February 11 at 8:34am via mobile – “Colter! I had no idea you were into cougars.”

February 11 at 8:39am via mobile – “Hahahaha only old hairy ones like this one!!”

February 11 at 8:51am via mobile – “Good cat man congrats.”

February 11 at 9:15am via mobile – “That’s a nice cat bud!”

February 11 at 10:25am via mobile – “Thanks! Damn fun hunt.”

February 11 at 4:39pm – “what did you do, shoot its paw off!”

February 11 at 5:25pm via mobile – “It had been stuck in a trap at some point. Either chewed it off or pulled it off.”

In other words the poor cougar suffered, possibly for days, in a trap, before being shot by a trophy hunter. “Non-target” species like cougars often end up in traps set for other undeserving animals.

The Ravalli Republic reports (in typical mainstream media passionless fashion) in their article, Montana, Idaho trappers catching more than just wolves

In the first year that wolf trapping was allowed in Idaho, trappers captured a total of 123 wolves.

But according to a survey by the Idaho Fish and Wildlife Department, those same trappers in 2011-2012 also inadvertently captured 147 other animals, including white-tailed deer, elk, moose, mountain lions, skunks and ravens.

Trappers reported that 69 of those animals died as a result.

Trappers reported capturing 45 deer.
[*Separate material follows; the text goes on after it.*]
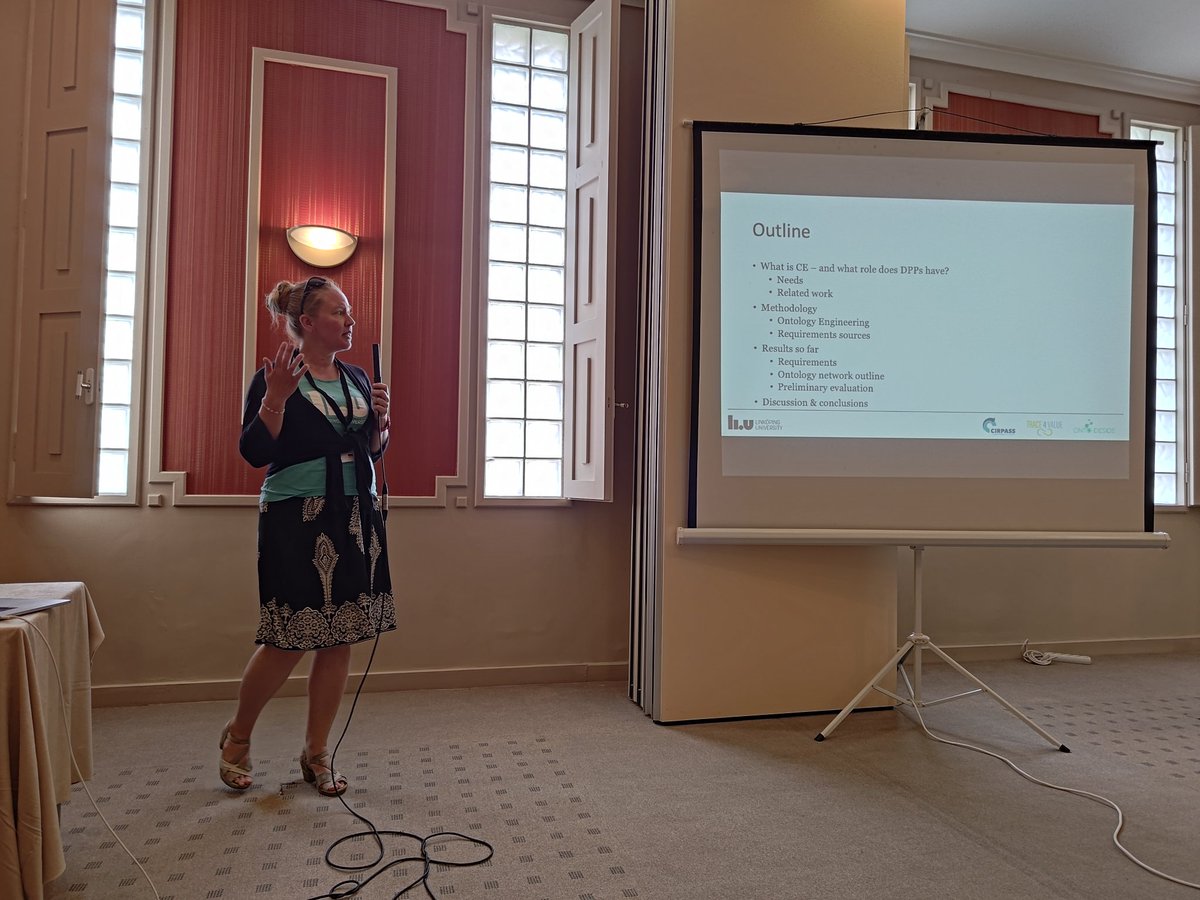 LiU Semantic Web (@liusemweb) on Twitter photo Our Eva Blomqvist (<a href="/evabl444/">Eva Blomqvist</a>) presented "Modelling Digital Product Passports for the Circular Economy" in the 2nd Workshop on Knowledge Graph for Sustainability at <a href="/eswc_conf/">ESWC Conferences</a>, work done in the <a href="/OntoDESIDE/">Onto-DESIDE</a> project. Our Eva Blomqvist (<a href="/evabl444/">Eva Blomqvist</a>) presented "Modelling Digital Product Passports for the Circular Economy" in the 2nd Workshop on Knowledge Graph for Sustainability at <a href="/eswc_conf/">ESWC Conferences</a>, work done in the <a href="/OntoDESIDE/">Onto-DESIDE</a> project.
Twelve of those died. They also captured 18 elk and four moose. One of the elk died.

The same number of coyotes ended up in traps as deer. Trappers reported that 38 were killed. Mountain lions also took a hit. Nine were captured and six died.

“There are a heck of a lot of people out there trapping furbearers,” said the Montana Fish, Wildlife and Parks wildlife management chief. “And there also are a lot of people trapping coyotes, which aren’t even regulated.”

Meanwhile, Idaho allows trappers to use wire snares that collapse around an animal’s neck as it struggles to free itself.

The Idaho Department of Fish and Game’s state wildlife game manager vacuously adds, “No one wants to catch a deer. It costs them a lot of time.”

Any society that looks the other way when people murder animals for fun does so at its peril. Marine biologist, Rachel Carson, author of Silent Spring, had this to say about the growing problem:

“Until we have the courage to recognize cruelty for what it is—whether its victim is human or animal—we cannot expect things to be much better in this world. We cannot have peace among men whose hearts delight in killing any living creature. By every act that glorifies or even tolerates such moronic delight in killing we set back the progress of humanity.”